*WHAT TO WORK ON*:
Keep the pictures out while you transcribe the listing below exactly.

*DATA EXTRACT*:
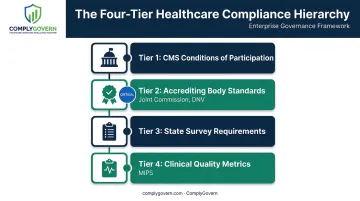 Four layers of healthcare regulatory compliance requirements diagram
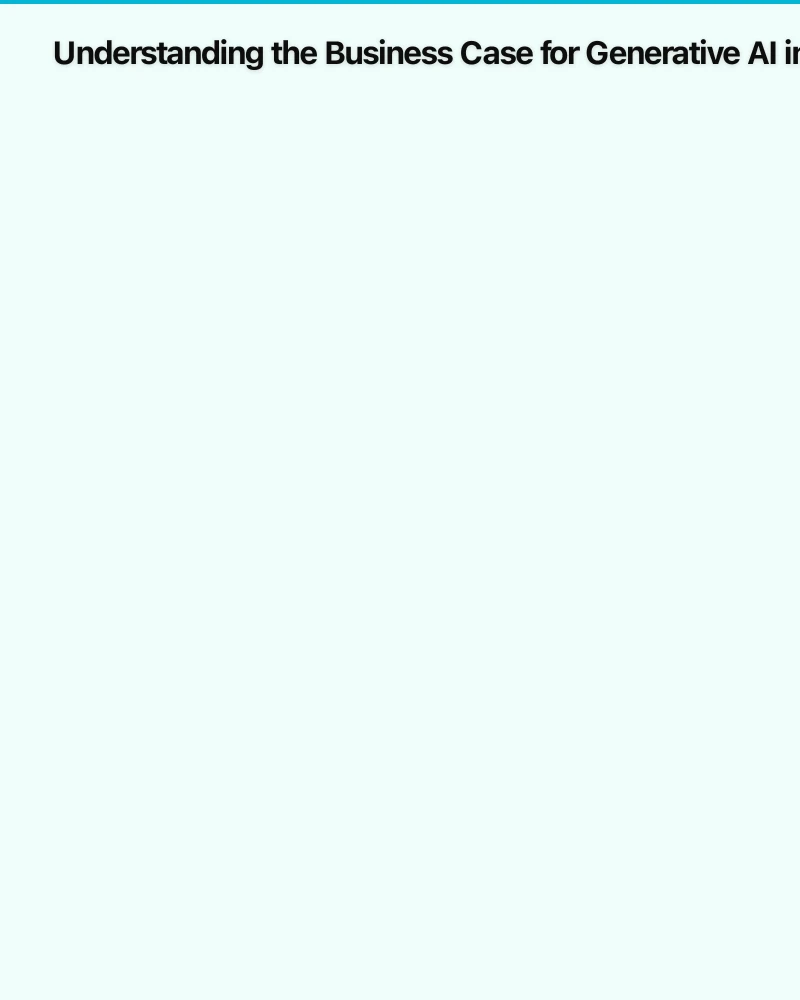 Understanding the Business Case for Generative AI in Customer Service Infographic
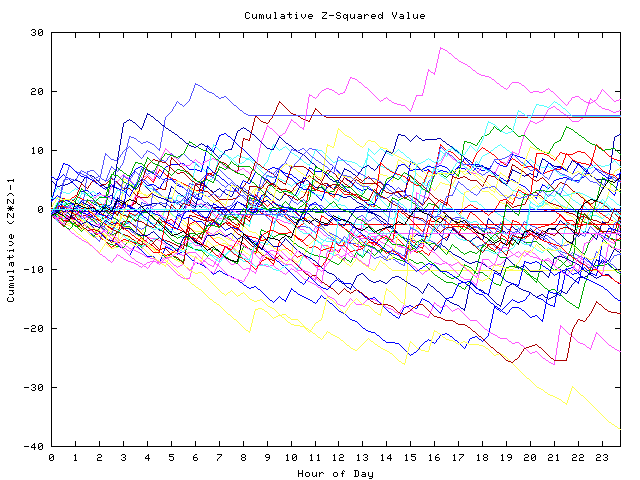 Cumulative Z plot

*TASK RESPONSE*:
 Four layers of healthcare regulatory compliance requirements diagram
 Understanding the Business Case for Generative AI in Customer Service Infographic
 Cumulative Z plot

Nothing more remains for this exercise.